The Matrix Reloaded


Let’s get this out of the way: “Reloaded” will not have a tenth of the pop culture impact that The Matrix had. It will make tons of money, but few will honestly love it the way they loved the first film. That doesn’t mean that it’s a horrible movie but, like the Star Wars prequels, while it’s good enough and even great at times, it just doesn’t click the way the original did even though it’s larger in scope (and budget). And like George Lucas, the Wachowski brothers are starting to take their little made-up world way too seriously. Instead of telling another straightforward, compelling sci-fi story with philosophical undertones, they overstuff “Reloaded” with tedious political power struggles, overcomplicated mythology and endless pseudo-spiritual bullshit.

It’s been six months since Neo (Keanu Reeves) was confirmed as the One the prophecy announced would free mankind from the Matrix and end the war with the machines, but not much seems to have happened since. Things heat up again when the humans receive news that the machines have gathered an army that’s drilling down towards Zion (the last free human city, “near the Earth’s core where it’s still warm”). With a 72 hour deadline to possible genocide, this should make for a suspenseful, breathless narrative but instead, half the film is devoted to Counsel hearings, motivational speeches, lame romantic subplots, a rave (really!)… I suppose the intent is to show that the characters are human (as opposed to machines), but the dialogue and most of the acting are too awful for this to work.

“Reloaded” introduces tons of superfluous new characters like Niobe (Jada Pinkett Smith), an ex-girlfriend of Morpheus (Laurence Fishburne) who left him for the Commander, hovercraft captain Link and his worried girlfriend, a gay Counselor who takes Neo on a date underneath Zion, a French jackass (Lambert Wilson) who’s created a specially encoded virtual chocolate treat that makes women soak their panties and Persephone, a mysterious temptress played by Monica Belluci in an impossibly tight dress. Gone is the intimacy of the first film, where the action revolved around a few key characters who became like a family for Neo, with Morpheus acting as a father figure and Trinity (Carrie-Anne Moss) as both a mother and a lover (or was I the only one who denoted Oedipian subtext there?). Morpheus has lost almost all sense of purpose and importance, he’s now bossed around by Zion officers and politicians we don’t give a crap about and Trinity does nothing outside the Matrix beside having sex.

Even the action scenes are disappointing. Wire-fu and “bullet-time” camerawork are still captivating on a basic sensory level even though they lost their freshness, but what is lacking is the gleeful discovery of what Neo is capable of. It’s a bunch of random uninspired fights, like oh, Agents in my way, kick-punch-jump-turn-kick-etc. There is that much ballyhooed-about scene in which Agent Smith (Hugo Weaving) creates dozens of copies of himself to gang up on Neo but while it’s technically impressive, it isn’t all that exciting.

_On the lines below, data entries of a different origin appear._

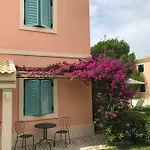 فندق Satori Boutique أخارافي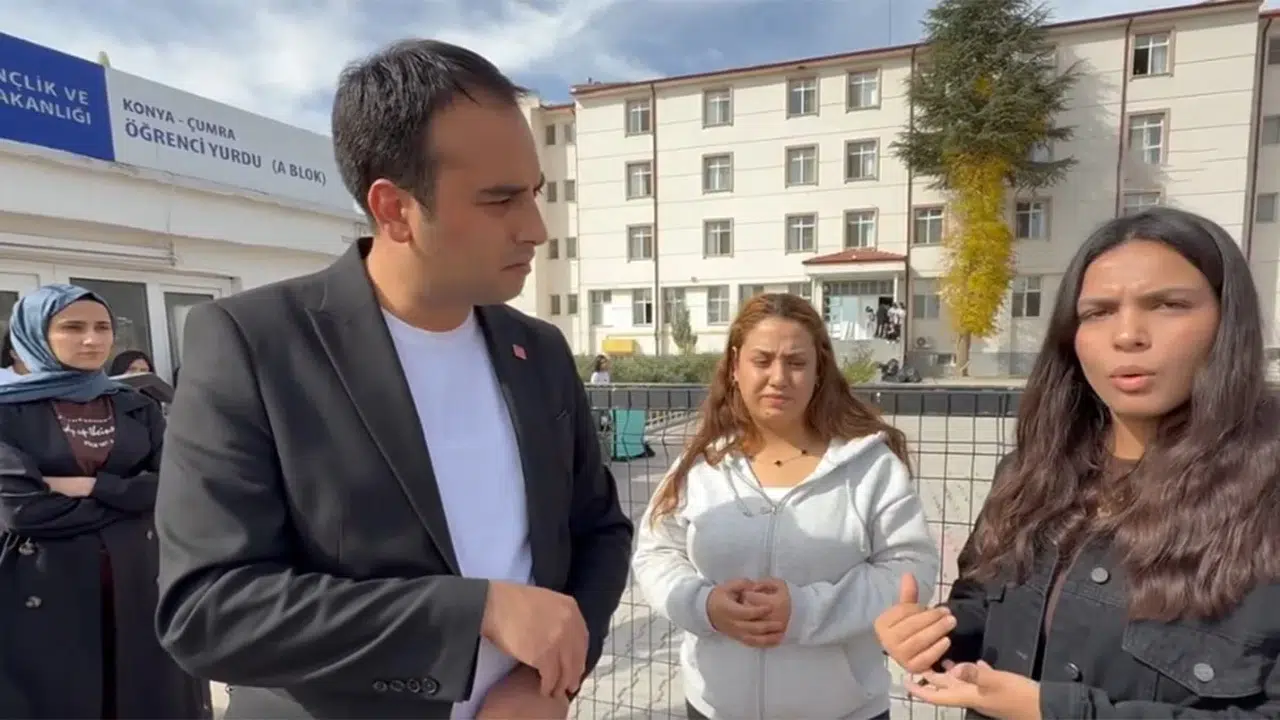 Konya'da 5 saatlik büyük göç: Bosna'dan Çumra'ya gidiyorlar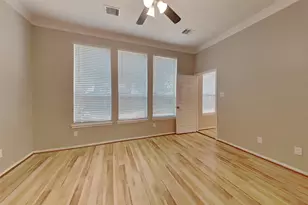 4731 Silverlake Dr, Sugar Land, TX 77479 - Photo 7
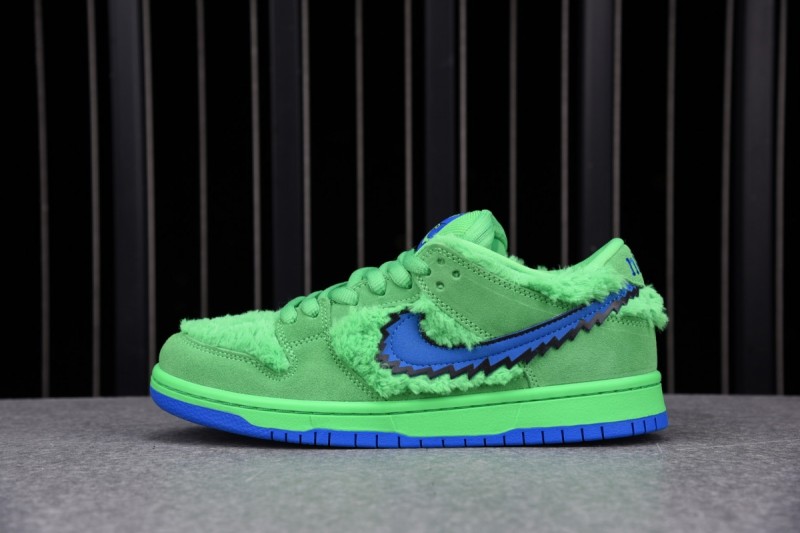 Nike SB Dunk Low Grateful Dead Bears Green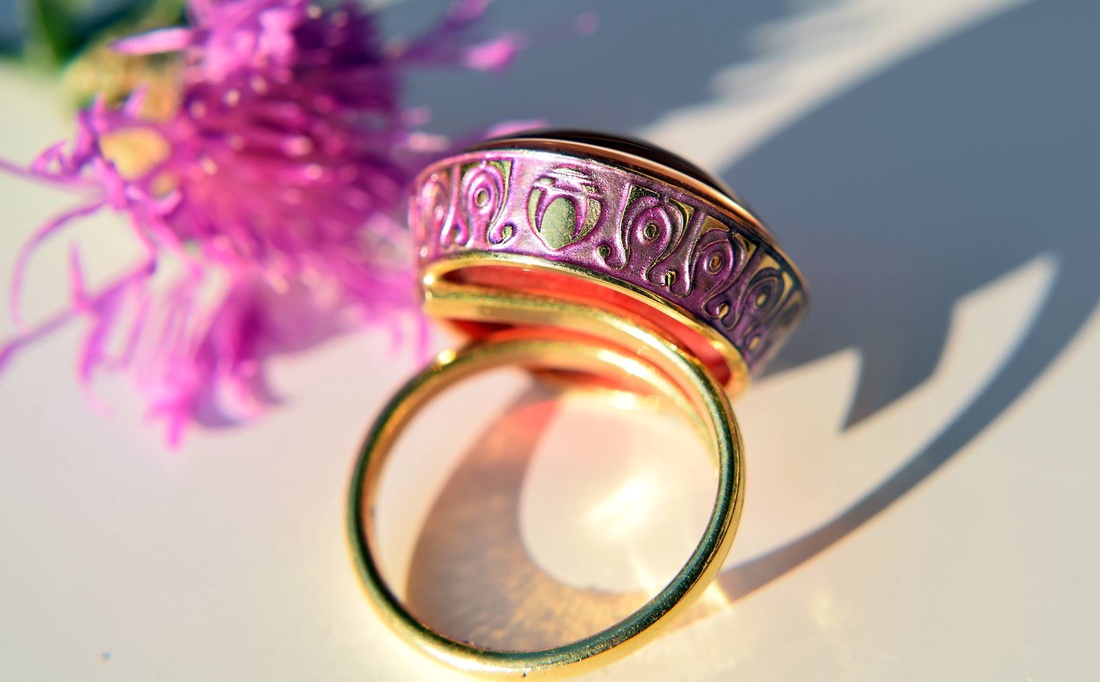 Róth Miksa palotaüvegből készült gyűrű gyémánttal -  - Meska.hu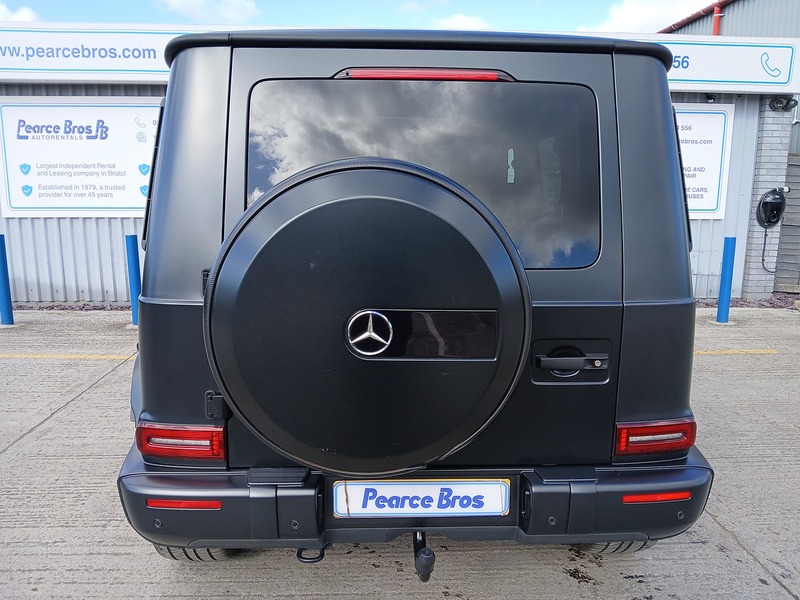 Mercedes-Benz G Class G63 V8 BiTurbo AMG - U3159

The great thing about martial arts is to see people in perfect control of their bodies; wasn’t it great to see Keanu Reeves being more badass than you ever thought possible? Whereas here, at times we’re literally watching a bunch of computer-animated figures kicking each other. Isn’t it ironic considering the film’s themes that the Wachowski prefer technical gimmicks to actual human prowess?

All that said, there is one sequence that is AWESOME. I am referring of course to the epic freeway chase scene which just hits you with one damn cool thing after another, from albino twins who can turn into ghosts to Morpheus in a samurai swordsfight atop an 18-wheeler to Trinity riding a motorcycle against traffic to Neo flying in to save the day… Just that last part (and every time Neo does “his Superman thing” for that matter) is so intense that it’s worth the admission price by itself. So “The Matrix Reloaded” isn’t all bad… I’m still looking forward to next November’s “The Matrix Revolutions” and there’s a possibility that “Reloaded” won’t seem as underwhelming in proper context, as the middle chapter of a trilogy.